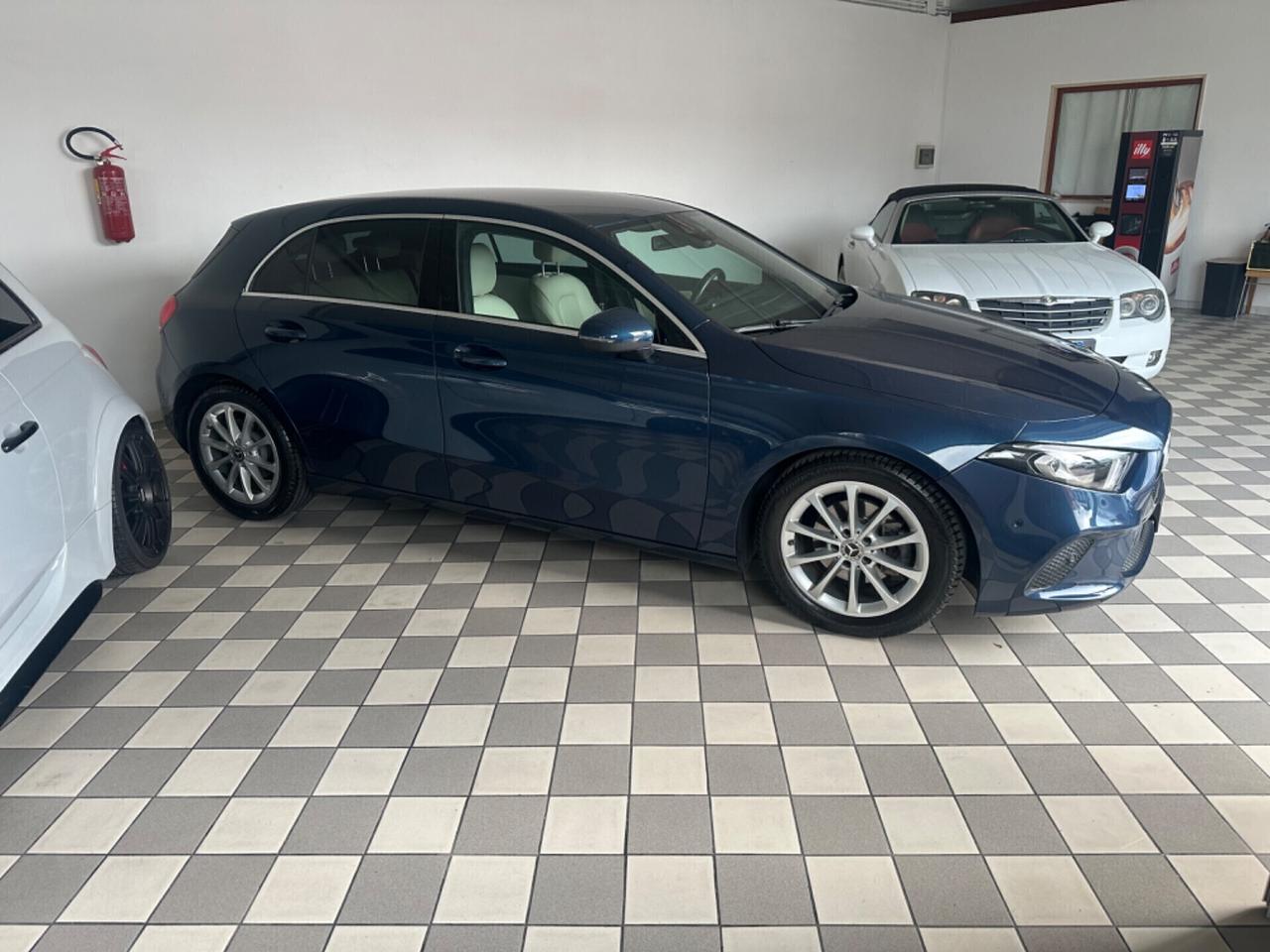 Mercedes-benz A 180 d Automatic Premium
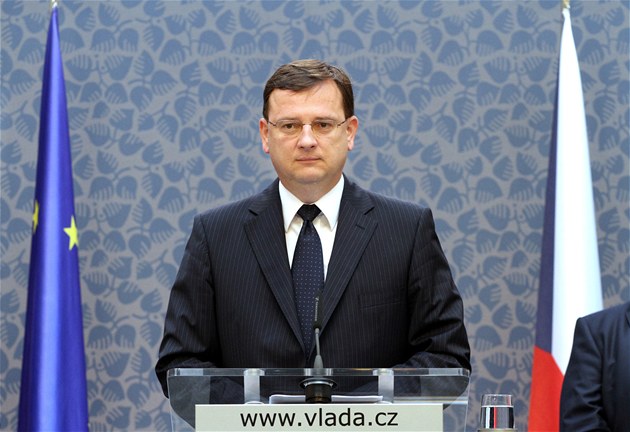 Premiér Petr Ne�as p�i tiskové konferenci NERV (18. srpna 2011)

+===+

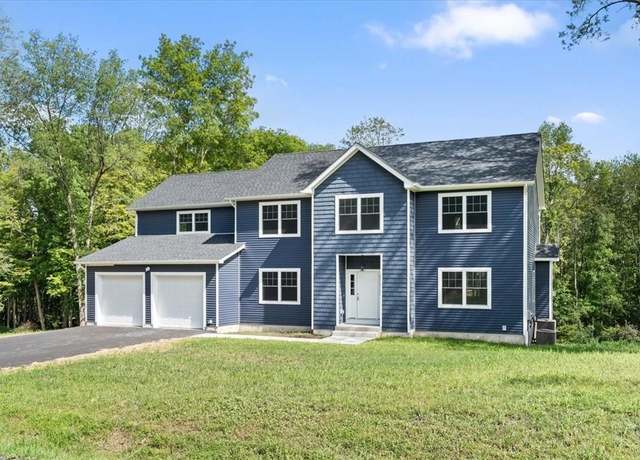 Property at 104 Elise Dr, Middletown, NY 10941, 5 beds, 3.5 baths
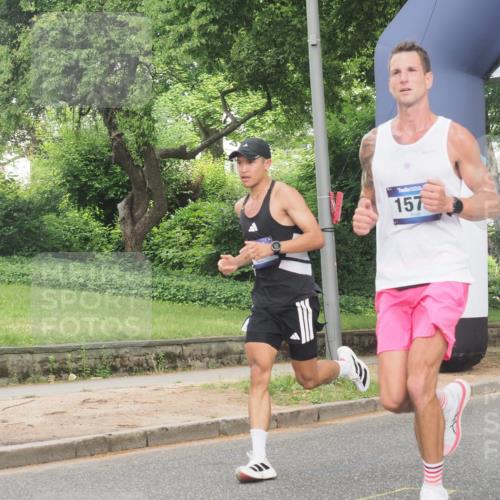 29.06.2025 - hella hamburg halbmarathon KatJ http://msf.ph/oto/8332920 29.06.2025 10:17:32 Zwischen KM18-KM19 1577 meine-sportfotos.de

+===+

**YOUR TASK:**
What you return must match, character for character, the lines above from the one with "Mercedes-benz A 180 d Automatic Premium" through the one with "Premiér Petr Ne�as", minus any pictures.

**RESULT OF THIS TASK:**
 Mercedes-benz A 180 d Automatic Premium
 Premiér Petr Ne�as p�i tiskové konferenci NERV (18. srpna 2011)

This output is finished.